IBM has announced it has cleared a major hurdle in its effort to make quantum computing useful: it now has a quantum processor, called Eagle, with 127 functional qubits. This makes it the first company to clear the 100-qubit mark, a milestone that's interesting because the interactions of that many qubits can't be simulated using today's classical computing hardware and algorithms.
But what may be more significant is that IBM now has a roadmap that would see it producing the first 1,000-qubit processor in two years. And, according to IBM Director of Research Darío Gil, that's the point where calculations done with quantum hardware will start being useful.
What’s new
Gil told Ars that the new qubit count was a product of multiple developments that have been put together for the first time. One is that IBM switched to what it's calling a "heavy hex" qubit layout, which it announced earlier this year. This layout connects qubits in a set of hexagons with shared sides. In this layout, qubits are connected to two, three, or a maximum of four neighbors—on average, that's a lower level of connectivity than some competing designs. But Gil argued that the tradeoff is worth it, saying "it reduces the level of connectivity, but greatly improves crosstalk."

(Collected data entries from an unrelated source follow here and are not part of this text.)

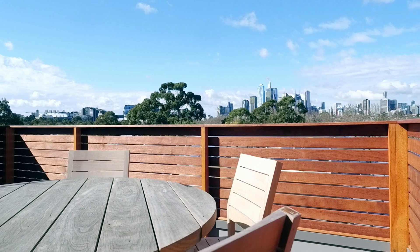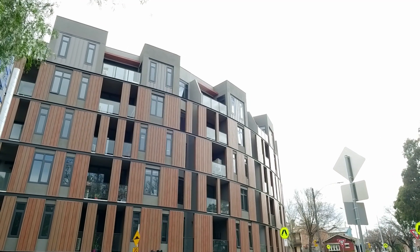Thanks for taking the time to view this delightful apartment. I'm confident you'll be impressed and look forward to meeting you at one of our property inspections.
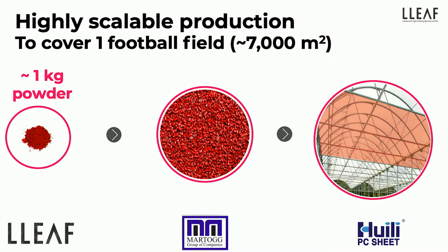It's a highly scalable production. To cover one soccer field — sorry, football — all we need is one kilogram of our secret sauce, which we are able to produce right now. And we work with manufacturers to bring this around the world.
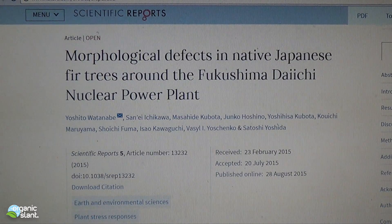January 3rd, 2017, and this video is called Fukushima Google Maps, Japanese Fir Tree Defect.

That improvement means that the qubits are less likely to influence their neighbors in ways that can introduce errors. And that's allowed IBM to increase the density of qubits on the chip.
While the qubits remain on a single layer within the processor, the processor as a whole uses additional layers to host signal-carrying wires that allow the control and readout of the qubits. That's common in traditional chips but new to the world of quantum computing. Those wires can also carry multiplexed signals. This is critical, since the wires that carry these signals are bulky enough that they threatened to limit the qubit count per chip—there simply wouldn't be enough physical space on the chip's packaging for all the wires needed for a one-wire-to-one-qubit layout once the qubit count climbed.
Other key advances that Gil highlighted included the ability to tune the frequencies of microwaves that each individual qubit responds to, preventing what are called "collisions," where a signal meant for one qubit can also alter the behavior of others. The quantum "compiler"—the software that sequences the order of operations that perform a calculation on quantum hardware—can also help avoid collisions, Gil told Ars.
Finally, IBM has gotten the error rate of the basic functional unit of this hardware, the two-qubit gate, down to 0.001. That's critical, because if error rates stay constant while qubit count goes up, more calculations are likely to suffer errors.
What’s coming
In terms of practical uses, the Eagle processor doesn't change things dramatically. There are probably some interesting things you can do on it more easily than you could on a smaller processor, but we've not fundamentally reached the point when we can regularly do useful calculations that would be difficult to impossible on traditional computers. In many ways, Eagle is most important as a mile marker on IBM's roadmap. That roadmap foresees a processor with 400-plus qubits next year and something with over 1,000 qubits in 2023. (It shifts to a vague "and beyond" after 2023.)
Putting all the technology together in a single package for Eagle was an important validation for that roadmap. "We have strong confidence that the roadmap of next year delivering a 433-qubit system and the year after that a system with over 1,000 would be possible," Gil said.
Aside from the rising qubit count, Gil also highlighted the lower error rate. If you assume that rate continues to decline at the same pace it has over the last several years, Gil said that it should hit 0.0001 around the same time as the 1,000-qubit processors show up. That will be sufficient for some levels of error control and/or correction and will expand the sorts of algorithms that can be run on future processors.
That, IBM argues, combined with continued improvements in the compiler and control software, will fundamentally change the utility of quantum computing. "I think that we're pretty confident that we will be able to demonstrate quantum advantage to some use cases that have value within the next two years," Gil told Ars.
This doesn't mean that, overnight, everything will work better—or at all—if it's run on quantum hardware. Instead, Gil argued that the transition out of our current state (a small number of error-prone qubits) will be gradual. Some specific applications will start running more efficiently on the very best quantum hardware in the near future. Over time, as further improvements are made, we'll see a growing number of applications that see what Gil termed a quantum advantage. But there won't be any sort of overnight change.